Data shown:
--- START ---
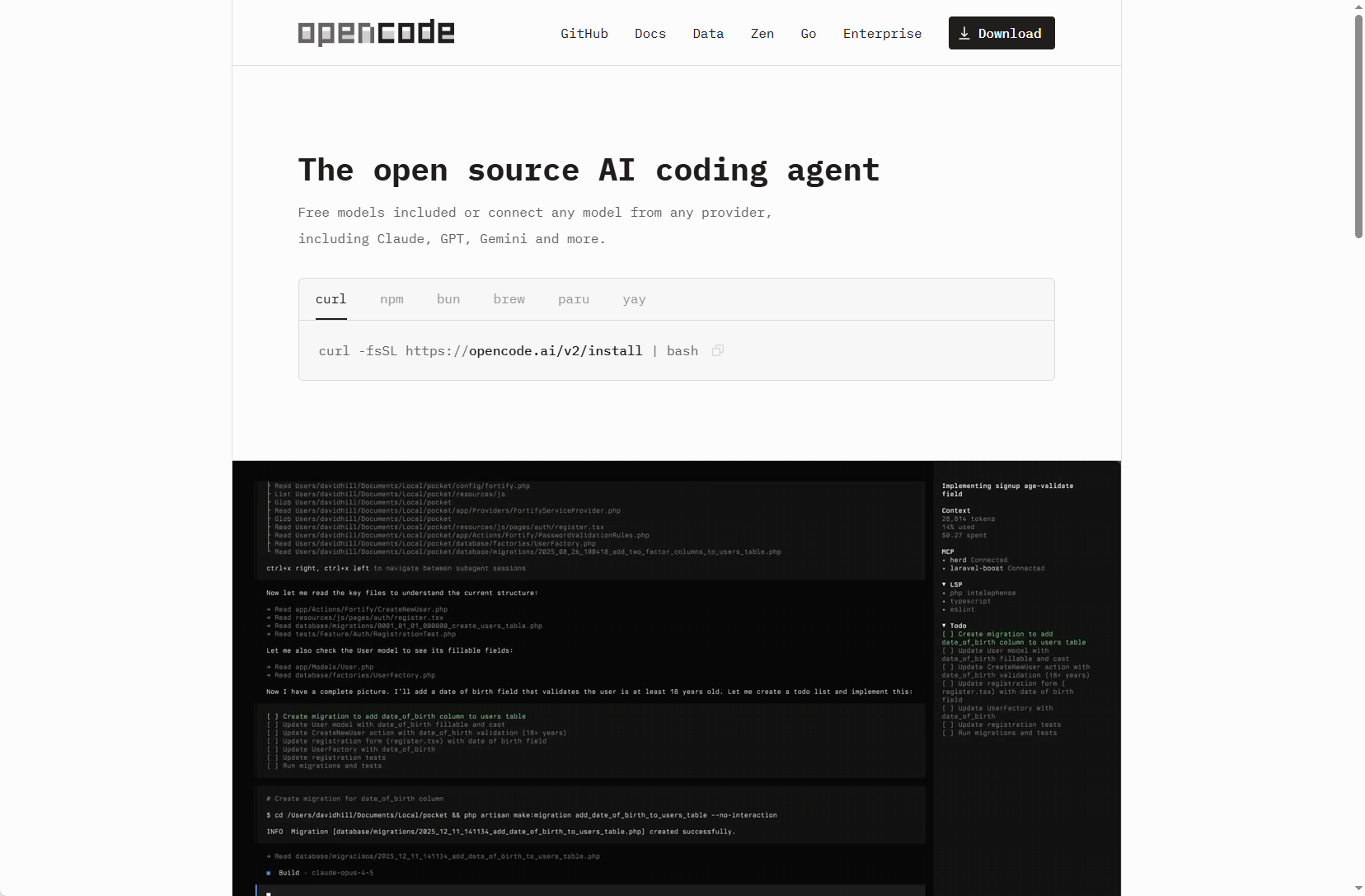 OpenCode product screenshot
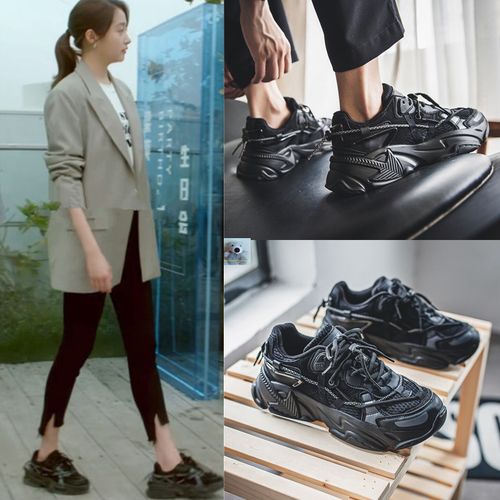 二十不惑2梁爽关晓彤同款鞋子黑色全黑系带运动鞋女老爹鞋松糕鞋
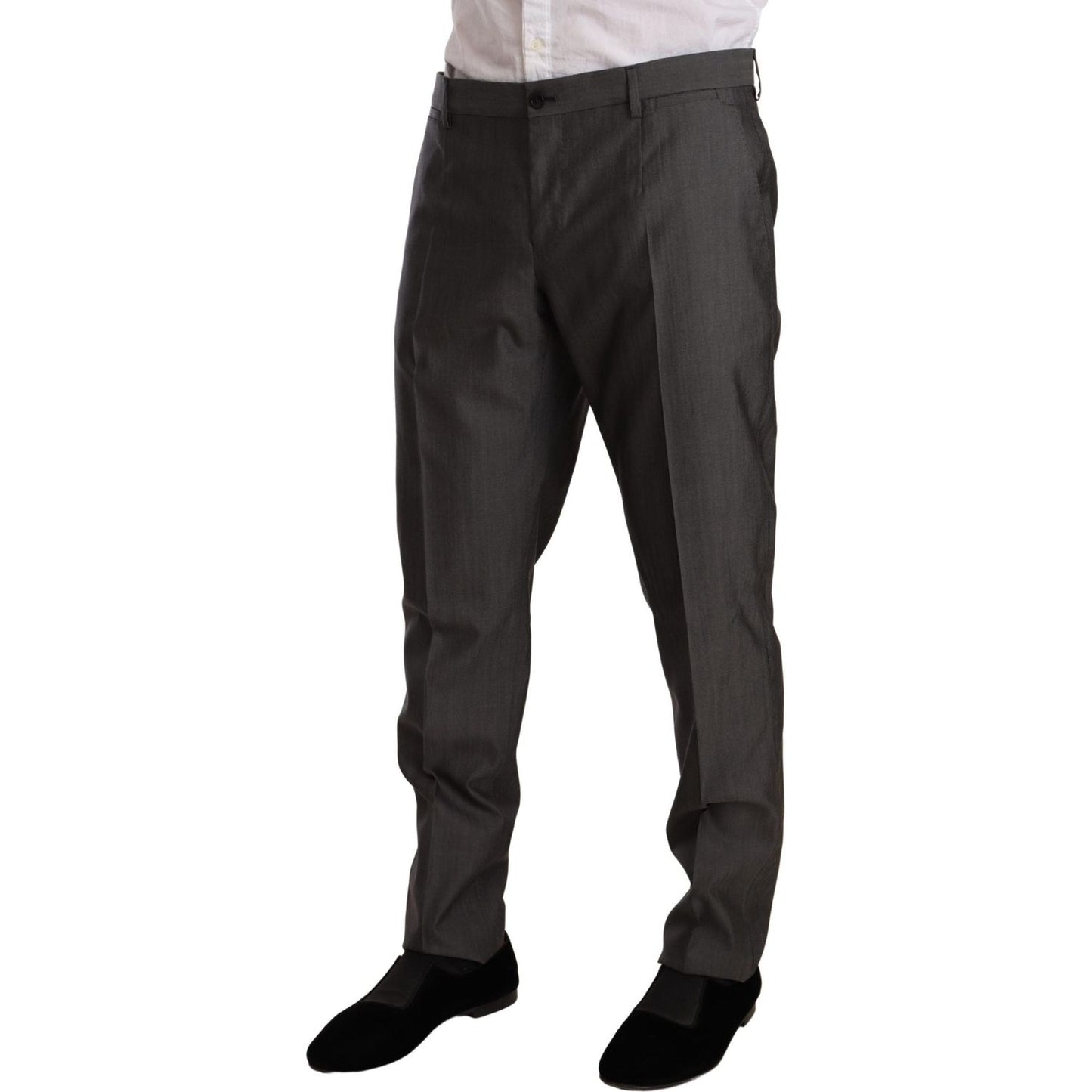 Dolce & Gabbana Gray Metallic MARTINI Slim Fit Set Suit Suit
--- END ---
What to produce: In the copy, include no pictures; restate the listing above exactly.

Final answer:
 OpenCode product screenshot
 二十不惑2梁爽关晓彤同款鞋子黑色全黑系带运动鞋女老爹鞋松糕鞋
 Dolce & Gabbana Gray Metallic MARTINI Slim Fit Set Suit Suit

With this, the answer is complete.